The euro has stabilised over the last month after a clear depreciation. It is not an obstacle to our monetary policy. Only if there was a sharp appreciation of the euro would that be a concern.
Did tensions over the exchange rate resurface at the G20 in Washington? And was there a Plaza-style accord in Shanghai?
All stakeholders, not only the G-7 but also the emerging markets in the G-20, agree that exchange rates should not be used for competitive purposes. That was agreed and stated in Shanghai and again in Washington. This is not a secret pact, but a strong joint commitment. The G-20 framework is there to help resist the temptation to use the exchange rate, when aggregate demand is globally weak, at the expense of others. My take-away from Shanghai and Washington is that all participants understood that it’s in nobody’s interest to start a disruptive process that would trigger uncertainty and volatility in the markets
The ECB is increasingly under fire in Germany, from large parts of the political and financial establishment and from the media. How damaging to your credibility is the constant opposition from the largest economy in the euro area?

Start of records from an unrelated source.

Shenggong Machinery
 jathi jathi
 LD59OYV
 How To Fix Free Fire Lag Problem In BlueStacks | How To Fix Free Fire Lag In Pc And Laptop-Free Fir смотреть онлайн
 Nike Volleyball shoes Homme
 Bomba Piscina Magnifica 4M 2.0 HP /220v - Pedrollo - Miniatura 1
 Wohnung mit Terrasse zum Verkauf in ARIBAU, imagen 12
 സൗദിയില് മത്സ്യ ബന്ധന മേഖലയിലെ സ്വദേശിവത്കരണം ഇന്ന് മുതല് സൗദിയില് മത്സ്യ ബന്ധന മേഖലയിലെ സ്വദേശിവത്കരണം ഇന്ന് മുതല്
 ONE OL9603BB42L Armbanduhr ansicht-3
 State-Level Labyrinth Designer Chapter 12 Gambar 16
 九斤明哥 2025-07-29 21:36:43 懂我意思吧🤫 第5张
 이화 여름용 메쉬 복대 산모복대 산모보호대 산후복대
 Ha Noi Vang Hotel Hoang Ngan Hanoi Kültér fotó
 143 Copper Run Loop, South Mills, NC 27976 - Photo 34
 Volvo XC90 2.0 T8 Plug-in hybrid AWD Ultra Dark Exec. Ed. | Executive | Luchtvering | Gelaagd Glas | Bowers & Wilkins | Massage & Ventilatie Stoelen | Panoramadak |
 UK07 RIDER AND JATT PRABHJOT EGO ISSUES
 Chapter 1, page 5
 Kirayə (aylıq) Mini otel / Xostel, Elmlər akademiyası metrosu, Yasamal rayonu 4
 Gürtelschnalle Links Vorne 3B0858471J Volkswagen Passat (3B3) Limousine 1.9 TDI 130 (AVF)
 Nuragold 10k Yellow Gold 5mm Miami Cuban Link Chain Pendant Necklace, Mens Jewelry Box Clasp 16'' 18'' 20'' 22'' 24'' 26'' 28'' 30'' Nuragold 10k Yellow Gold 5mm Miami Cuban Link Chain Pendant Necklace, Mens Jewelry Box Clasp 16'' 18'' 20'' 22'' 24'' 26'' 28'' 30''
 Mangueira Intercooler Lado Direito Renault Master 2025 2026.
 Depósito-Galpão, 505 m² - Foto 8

It is wrong to discuss our policies along national, or even nationalistic, lines. And there are respected voices in Germany that support the ECB. Some of our critics only see the impact of our policies on themselves and miss the bigger picture. Low interest rates, for instance, are a cost for savers, but they benefit the budget, and savers are also taxpayers. They support growth and exports, and savers are also workers. That is why the ECB is independent, to take distance from short-term politics and vested interests. In Germany there is a strong recognition that central bank independence is an asset, and I don’t see that view changing. Anyway, these critiques do not hamper our ability to function. Monetary policy is discussed and voted in the Governing Council, not elsewhere. But we realise that we do not operate in a political vacuum. Indeed, the stronger our political counterparts, the better. It was Tommaso Padoa-Schioppa who spoke very early on of the “institutional loneliness” of the ECB, and his was indeed a lonely voice at the time. But he was right. There has to be a political discussion on how economic policy can help create growth. That’s the positive way ahead. Your finance minister, Pier Carlo Padoan, has made some good suggestions on EMU governance and what should be a stronger political centre for the euro area, with which I agree. That’s the way forward.